There has never been a positive story regarding Santander. None whatsoever. Predatory with a capital "P". Try the search option regarding them here. You'll see.


----------



## Miss Liz (Jun 20, 2017)

Jufkii said:


> There has never been a positive story regarding Santander. None whatsoever. Predatory with a capital "P". Try the search option regarding them here. You'll see.

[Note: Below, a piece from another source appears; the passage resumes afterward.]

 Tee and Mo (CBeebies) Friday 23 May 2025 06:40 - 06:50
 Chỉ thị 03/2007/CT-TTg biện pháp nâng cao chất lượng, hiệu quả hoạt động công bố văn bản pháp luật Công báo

So I have heard. However, it is primarily Exeter stories I am seeking, as that is where my own experience stems from. Thanks!


----------



## UberDez (Mar 28, 2017)

I had a loan with Exeter no issues with them at all. 9.9% loan which was a little high but being self employed was an issue with most lenders and no verified income. After paying it off I got my title somewhat quick. They quoted me 30 days I got it in 3 weeks. Most banks take less then a week but it is what it is


----------



## Jayson39 (Oct 28, 2017)

Miss Liz said:


> Have you taken out a loan, at the urging of Uber, to buy a car financed through Exeter Finance Corp (or Santander, for that matter) that turned out to be a disaster? If so, I would love to hear your story. I especially would like to hear from you if you were sent by Uber to one of their finance partners to buy a car, and you otherwise had no source of income other than a promise to BEGIN driving for Uber when you were handed a loan from one of these companies. All related stories, good or bad, are welcome.


Not for Uber, but was given a loan through Exeter Finance for a new car.
Back story, my credit was 600 at the time, and I needed a newer car for work.. the car dealership was pushy, but said they'd get me financed no matter what.
Well, I got the financing from Exeter at an interest rate of 19.93%. I am NOT kidding. 
I had no idea that high of a number was possible on a car loan, but I took it, as I needed a car for work (over 120 miles a day commute) and had no savings left after trying to fix my old car.
Long story short, I couldn't afford the payments after about 6 months of scraping by, lost the car, lost the job. 
As a consumer living in New Hampshire, I basically have no rights, but I wanted to share in case anyone is researching this bank for future endeavors.


----------



## UberDez (Mar 28, 2017)

Jayson39 said:


> Not for Uber, but was given a loan through Exeter Finance for a new car.
> Back story, my credit was 600 at the time, and I needed a newer car for work.. the car dealership was pushy, but said they'd get me financed no matter what.
> Well, I got the financing from Exeter at an interest rate of 19.93%. I am NOT kidding.
> I had no idea that high of a number was possible on a car loan, but I took it, as I needed a car for work (over 120 miles a day commute) and had no savings left after trying to fix my old car.
> ...


That doesn't really say anything a out them as a lender. They gave you a car loan with a high interest rate, you couldn't afford the payments and the car got repoed. That all sucks but that doesn't mean they're a bad lender they just specialize in high interest auto loans


----------



## steveK2016 (Jul 31, 2016)

Anyone willing to loan a vehicle above 12% can be considered predatory lending. Anyone needing a loan for a vehicle and can't get into singlw digits probably have no option but to go with exeter or santander. 

Sometimes a bad deal is preferred over no deal. Unless you are capabld of walking to work, in a city with good public transportation, or close family members willing to take you to and from work every single day. 

Its not ideal but its better than no option.


----------